Strengthening and Targeted Rehabilitation for Optimal Neuromuscular Gains for chronic BACK pain (STRONG-BACK): protocol for a randomised controlled trial in participants with primary nociceptive pain drivers.

The trial will enroll 106 participants with chronic low back pain and a predominant nociceptive pain profile, randomized 1:1 to two exercise interventions.

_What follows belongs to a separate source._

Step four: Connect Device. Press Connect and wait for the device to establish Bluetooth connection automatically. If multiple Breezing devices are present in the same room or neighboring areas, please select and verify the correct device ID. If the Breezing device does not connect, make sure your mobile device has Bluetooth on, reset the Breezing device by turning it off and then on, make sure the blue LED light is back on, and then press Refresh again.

• Participants will be recruited through primary and secondary care.
• Randomization ratio is 1:1 to either MC+ILEX or free-weight resistance training.
• Sample selection uses the Pain and Disability Drivers Management Model (PDDM) and the Lumbar Spine Instability Questionnaire (LSIQ) to identify a homogenous nociceptive pain profile subgroup.
• The targeted care approach is intended to identify participants more likely to respond to the interventions.

Both intervention arms will consist of 48 exercise sessions delivered over 16 weeks.

• Arm 1 involves motor control plus isolated lumbar extension exercises (MC+ILEX).
• Arm 2 involves free-weight resistance training.
• The duration of 16 weeks was chosen to reflect evidence that effective exercise interventions should be of sufficient duration.
• The trial is registered under ISRCTN14864451.

The primary outcome is LBP-related disability at 16 weeks, measured by the Oswestry Disability Index.

• Disability will be assessed at the 16-week endpoint.
• Linear mixed-effects models will be used to assess primary and secondary outcomes.
• The primary aim is to compare the effectiveness of MC+ILEX versus free-weight resistance training in reducing LBP-related disability.

Secondary outcomes encompass multifidus muscle composition and size, lumbar and gluteal muscle strength, hip range of motion, pain, physical and mental function, satisfaction and recovery, health-related quality of life, sleep quality, and physical activity levels.

• Changes in multifidus composition will be examined as a potential mediator of disability improvements.
• Regression analyses will explore whether baseline LSIQ scores moderate treatment effects on multifidus composition and other outcomes.
• Sex/gender will also be explored as a moderator of treatment response.
• Baseline LSIQ scores will be examined as a moderator of treatment response.

A mixed-methods design is incorporated, with a qualitative component involving semistructured interviews in a subsample of participants before and after the intervention.

• Qualitative interviews will explore illness perceptions, illness mindsets, perceptions of exercise therapy, and experiences and satisfaction with the two exercise interventions.
• Reflexive thematic analysis will be used to analyse qualitative data.
• The qualitative component aims to investigate participants' perceptions and experiences of exercise therapy.

Exercise therapy is described as the most recommended treatment for chronic low back pain but with evidence supporting only modest effects, attributed to heterogeneity of patient presentations.

• Systematic reviews emphasise that effective exercise interventions should be patient centred, target paraspinal muscle health, and be of sufficient duration.
• Evidence suggests that matching individuals to the most appropriate exercise type could improve outcomes.
• The trial design addresses these gaps using a targeted care approach to identify a more homogenous sample.